Como disse o presidente Lula, a melhor maneira de reverenciar as vítimas é não abandonar o projeto, é consolidá-lo e reconquistar o tempo perdido.


Os que morreram tiveram suas vidas envolvidas no idealismo da FAB de construir o Instituto Tecnológico da Aeronáutica (ITA), que frutificou no Centro Técnico Aeroespacial com seus Institutos de Aeronáutica e Espaço e de Estudos Avançados, Fomento e Coordenação Industrial, berços da Missão Espacial Completa Brasileira, destinada a colocar o Brasil no clube fechado da indústria espacial.


Em 1989 visitei o Fermilab, o grande laboratório americano de pesquisa física. Ali o professor Lederman - Prêmio Nobel, descobridor da partícula neutrino - me explicou, com a facilidade dos homens que sabem e não cultivam a enrolação: ''Aqui, estamos brincando de quebrar caixas de segredo, em busca da partícula fundamental da matéria. Quebramos uma, e dentro dela tem outra caixa, quebramos mais outra e tem outra mais, e assim continuaremos quebrando até encontrarmos a última.'' Ali estavam também físicos brasileiros, a equipe do professor Santoro, atrás da caixinha final. O projeto de Alcântara é essa perseverança.

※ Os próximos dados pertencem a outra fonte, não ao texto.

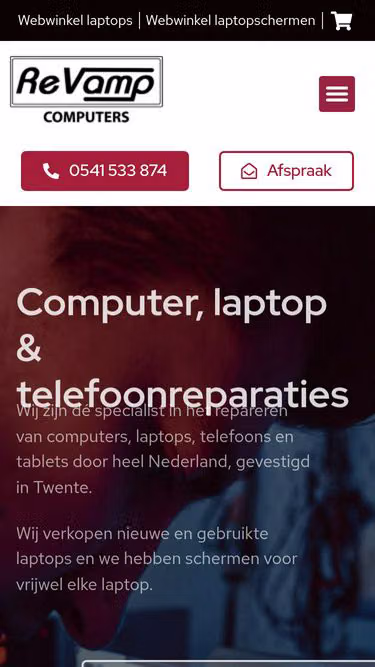 Screenshot of revamp.nl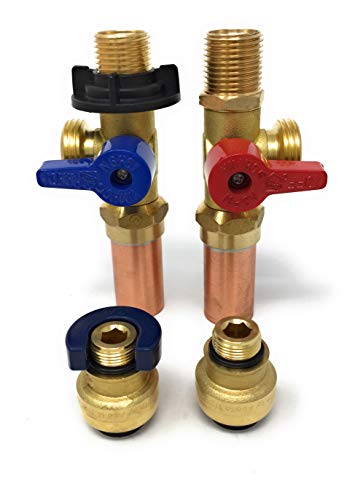 Washing Machine Valve with Water Hammer Arrestor and Push Fit 3/4" MHT [3179]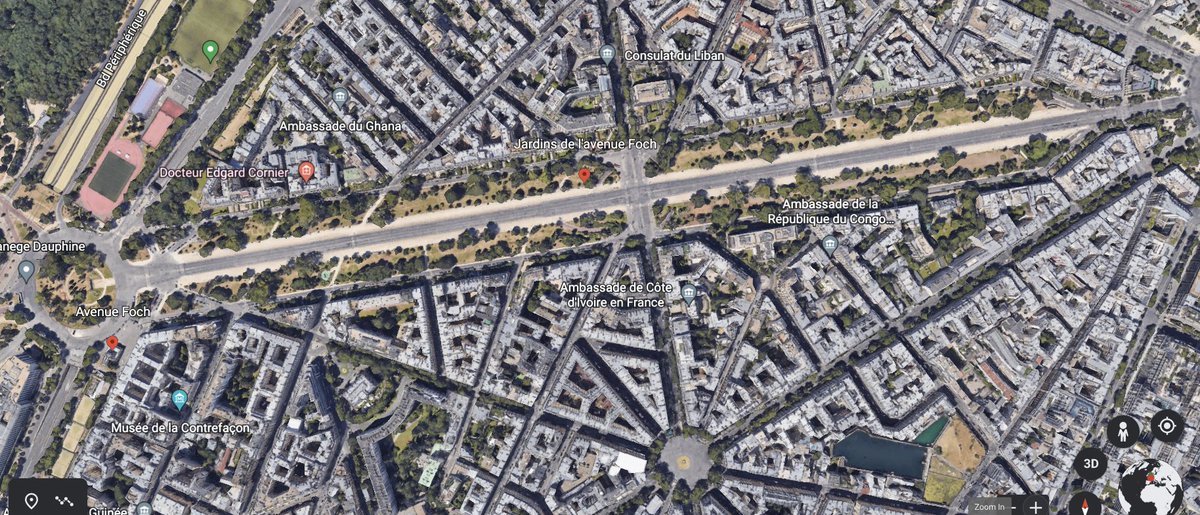 Hoboken_FBW's tweet image. The linear park along Avenue Foch in Paris, France became the inspiration for Ocean &amp;amp; Prospect Parkways in Brooklyn created by Olmsted &amp;amp; Vaux. It is lined with chestnut trees its full length from Arc de Triomphe to the Porte Dauphine. #linearpark #cities #olmsted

A base de Alcântara consome metade de propelente e carrega o dobro de carga útil que vai ao espaço. Não podemos jogar fora esse trunfo dado por Deus ao Brasil.


Quando perdemos nosso segundo foguete, escrevi na Folha de S. Paulo que a pesquisa espacial tinha entrado em fase de agonia, sem dinheiro e sem política de pessoal. Não segurávamos os nossos cientistas e não tínhamos condições de recrutar novos. No meu governo mantivemos uma média anual de investimentos em ciência e tecnologia acima de 1% do PIB. Em 1989 gastamos no programa espacial 102 milhões de dólares; ano passado, descemos a menos de 20 milhões. Doze anos com orçamentos miseráveis e declinantes.


Todo conhecimento humano é resultado da acumulação da aventura do homem na face da Terra. Como os portulanos eram guardados a sete chaves, hoje os países avançados defendem, como comércio, o monopólio do saber. Fazem isso de todas as maneiras, com pressões econômicas, financeiras e diplomáticas. Daí as dificuldades. Ninguém disponibiliza tecnologia. A nossos técnicos resta o caminho do pioneirismo e da invenção.


O projeto VLS é afirmação de poder, é um passo definitivo para o Brasil. Os países sem acesso ao conhecimento serão, inevitavelmente, destinados a uma nova forma de escravidão: a científica e cultural. O Brasil, sem ter tecnologia de ponta, jamais será potência econômica.


Quebrar as caixas, dominar conhecimento, com coragem e obstinação, faz parte da aventura do futuro.